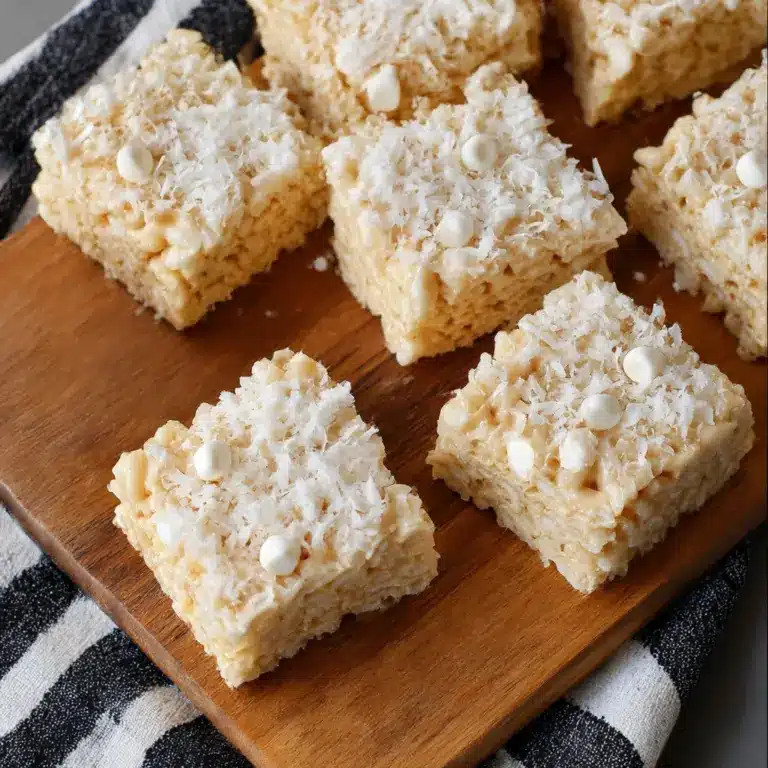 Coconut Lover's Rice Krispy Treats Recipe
◇ ◇ ◇ ◇ ◇ ◇ ◇
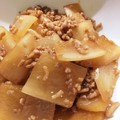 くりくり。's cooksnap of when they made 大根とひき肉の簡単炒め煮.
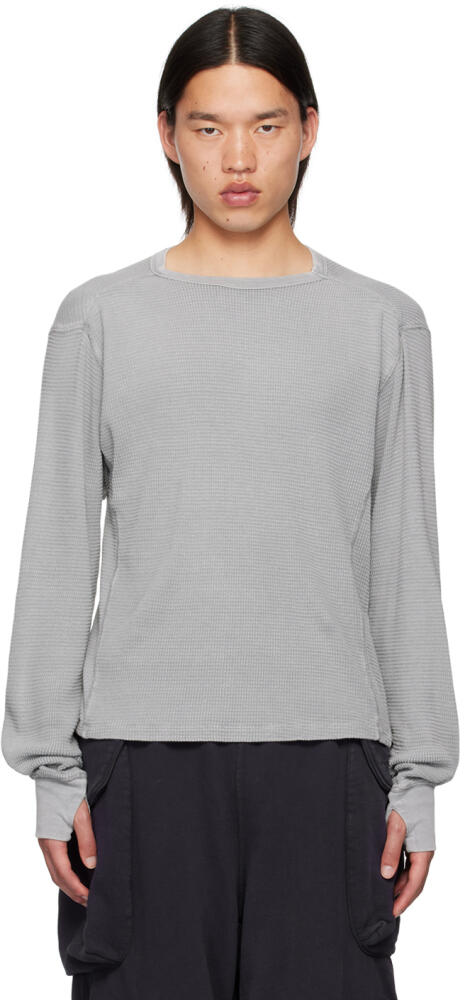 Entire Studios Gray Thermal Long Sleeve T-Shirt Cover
◇ ◇ ◇ ◇ ◇ ◇ ◇
When you reach the line that has "くりくり。's cooksnap of" in the data above, start repeating lines exactly, and stop after the line that has "Entire Studios Gray"; pictures stay out.

 くりくり。's cooksnap of when they made 大根とひき肉の簡単炒め煮.
 Entire Studios Gray Thermal Long Sleeve T-Shirt Cover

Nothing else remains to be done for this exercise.